ダブルグランドスラマーが意地を見せる。「オレに任せろ」の天野保彦は、2日目9Rで永井大介(40=川口)に◎を打つ。初日10Rは2着を確保。パーツ交換後の1走目なら十分に合格点の内容だ。5大会連続SG優勝&グランドスラム達成を狙う鈴木圭一郎に対し、闘志を高めている。

 今節最初のレースで永井が上々の動きを見せた。0メートルオープンの3枠から飛び出し、2周バックで篠原睦をかわして先頭を奪う。4周1角で木村武之にさばかれたが、しぶとく食らい付いて2着でゴールした。「シリンダー、ピストンを換えての1走目なら悪くない。合格点」と笑顔で振り返った。

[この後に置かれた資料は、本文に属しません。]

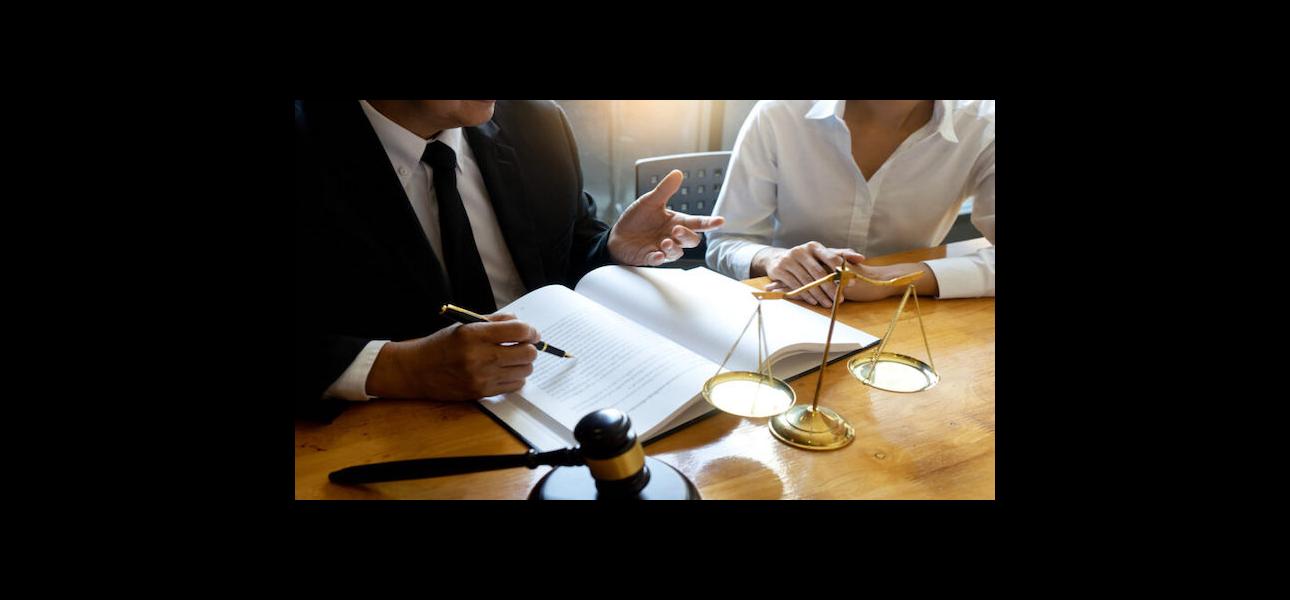 Propiedad industrial: soluciones alternativas a la vía judicial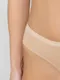 Миниатюра изображения товара Трусы женские Mark Formelle 412247H (р.90, обжаренный миндаль)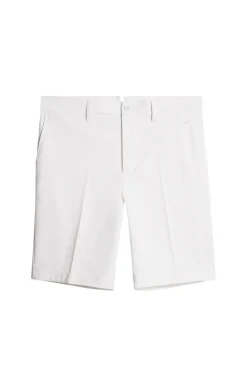 Online Eloy Shorts Golf|Shorts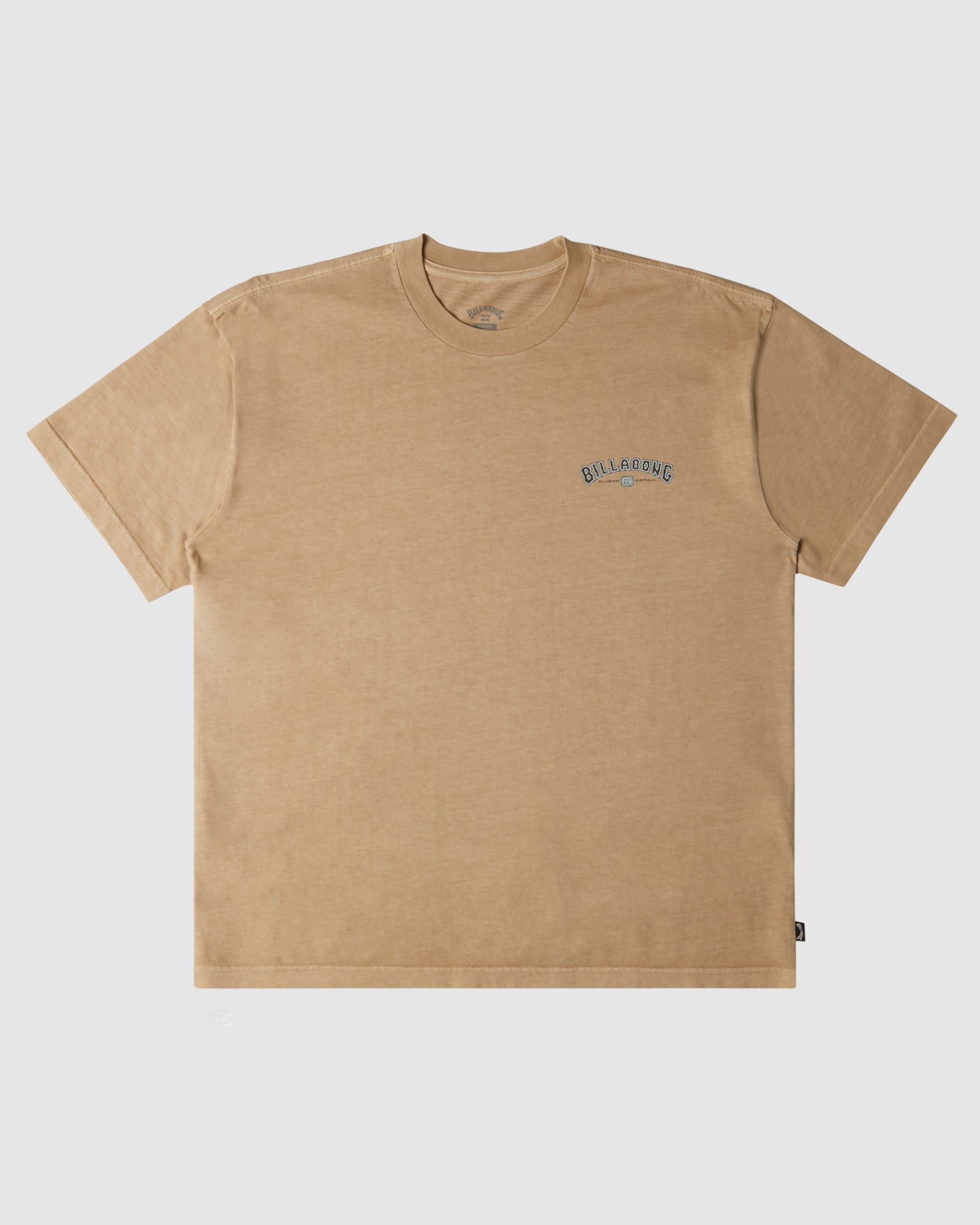 Boys 8-16 Arch Wave T-Shirt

 「ガスが濃い感じ。セットが合ってないので、合わせたい」。即座に修正点をつかみ、機力アップへの青写真を描く。歯車がかみ合わなかった昨年と違い、今年は調整が成功している。「前節の伊勢崎よりもいい」。初日のレースで手応えはつかんだ。スタートが切れているのもセールスポイントだ。

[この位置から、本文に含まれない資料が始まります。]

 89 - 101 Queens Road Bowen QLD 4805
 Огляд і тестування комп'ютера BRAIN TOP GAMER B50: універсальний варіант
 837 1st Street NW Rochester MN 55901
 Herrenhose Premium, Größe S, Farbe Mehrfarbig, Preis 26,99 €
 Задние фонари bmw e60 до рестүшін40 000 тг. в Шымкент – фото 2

 今節の主役、鈴木圭一郎とはG1ゴールデンレースで死闘を繰り広げ、見事に優勝した。「今の圭一郎に勝てたのはうれしい」は本音だ。5大会連続SG優勝の阻止に向け、高まる闘志は隠しようがない。前検日の前日には、SG恒例となっているトンカツを食べた。優勝への験担ぎもばっちり。SG初制覇となったオートレースグランプリは「最も思い出のレース」。伊勢崎のナイター開催という条件も同じだ。優出は逃したくない。2日目はマシンを仕上げて1着を奪取するはずだ。

 相手には、初日の内容が良かった荒尾聡、遠藤誠を推奨する。単独0Hの辰巳裕樹も侮れない。3連単は(8)-(7)(3)(1)-(7)(3)(1)(2)が本線で(7)(3)-(8)-(7)(3)(1)を押さえた13点でいく。